5) Techincally speaking, all resources are custom in the eyes of this system. The system just loads a chunk of data (from a files/files), pass it to your provided callback (fn load()) and stores whatever it returns. So I m unsure how anything would be different for the case you mentioned. All ecs data and such can be easily accessed with the context parameter. How the file is structured is not a problem of this system. You should have your custom functions to parse that file.

6) Answered in first para.

I suspect it is mostly useful in the context of Mach only

Sounds right. I didnt had any opinion on this so decided its better to ask, just in case.

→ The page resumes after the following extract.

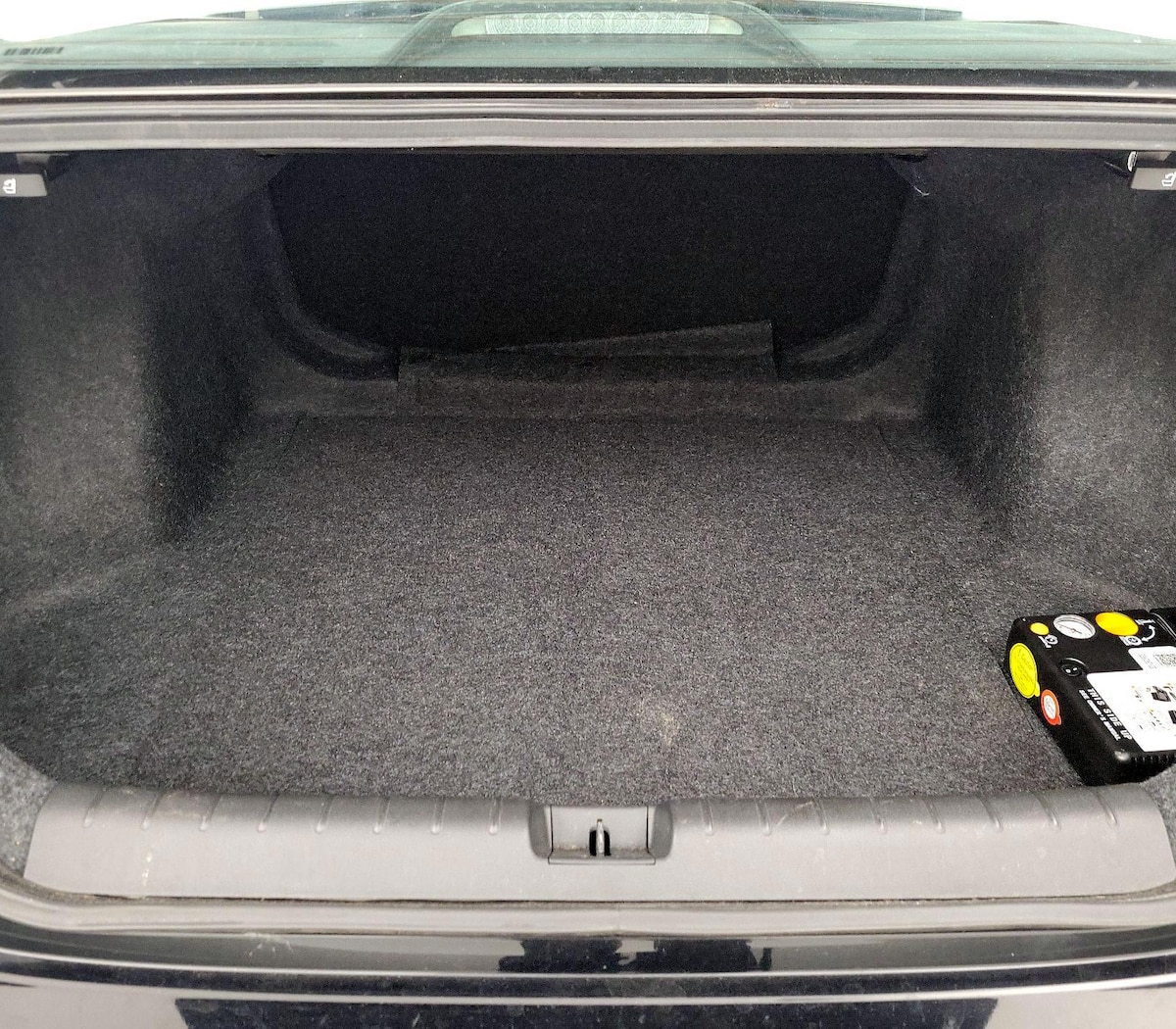 Trunk/Cargo (Seats Up)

iddev5 commented 2 years ago

The json collection example I initially created didn't take into consideration having multiple collections (in fact it used the word collection for just any folder). So here's an updated one:

{
    "collections": [
        {
            "name": "texture_collection",
            "tree": [
                {
                    "dir": "player",
                    "tree": [
                        "player_standing.png",
                        "player_running.png"
                    ]
                },
                "tree.png",
                "rock.png"
            ]
        },
        {
            "name": "audio_collection",
            "tree": [
                "c.mp3",
                {
                    "dir": "ambient",
                    "tree": [
                        "chirping.mp3",
                        "wind.mp3"
                    ]
                }
            ]
        }
    ]
}

Json is not good for manually creating trees.

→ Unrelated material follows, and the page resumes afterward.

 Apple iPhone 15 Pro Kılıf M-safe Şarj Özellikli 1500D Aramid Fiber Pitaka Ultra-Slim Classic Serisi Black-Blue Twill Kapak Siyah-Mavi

slimsag commented 2 years ago

OK this makes a lot of sense.

  1. I assume that collections config file format (JSON above) is not actually something end users of Mach would need to deal with, it would be produced automatically via a tool based on directory structure, correct? E.g. in build.zig you invoke something and give it data/ and it finds data/textures, data/audio and produces the config file for those two collections?
    • This being the case, it could be a binary file (not human readable) or a generated Zig code file (I see what you were saying earlier in Matrix chat now), is that right?
  2. I presume textures and audio are only examples, in reality you'd most likely have a single collection for all assets in your game, except in cases like:
    • Modding, theming, etc. where you want users to be able to easily override a specific resource group, providing either an archive of their own (single file) or not (plain directory)
    • "Take for instance its a large game and storing all resources in separate archives makes more sense" -> I assume this would be something like 'we split our resource collections every few GiB because any larger than that and they're a little slow to build/produce' or something like this?
iddev5 commented 2 years ago

1) Yes and no. I think its better to say that its optional. So if someone wants, they can provide a list and structure of resources. What are the advantages? Well I think it would make sense in case of editor where you are too busy so you just throw your .psd files beside the exported .tga but selectively only import the .tga file in your editor asset menu.

2) Yes

slimsag commented 2 years ago

Collections is the abstraction / part of this proposal I feel least confident about. I think it enforces a certain way of working with your game data that may not be very clear, and the benefits are not always obvious.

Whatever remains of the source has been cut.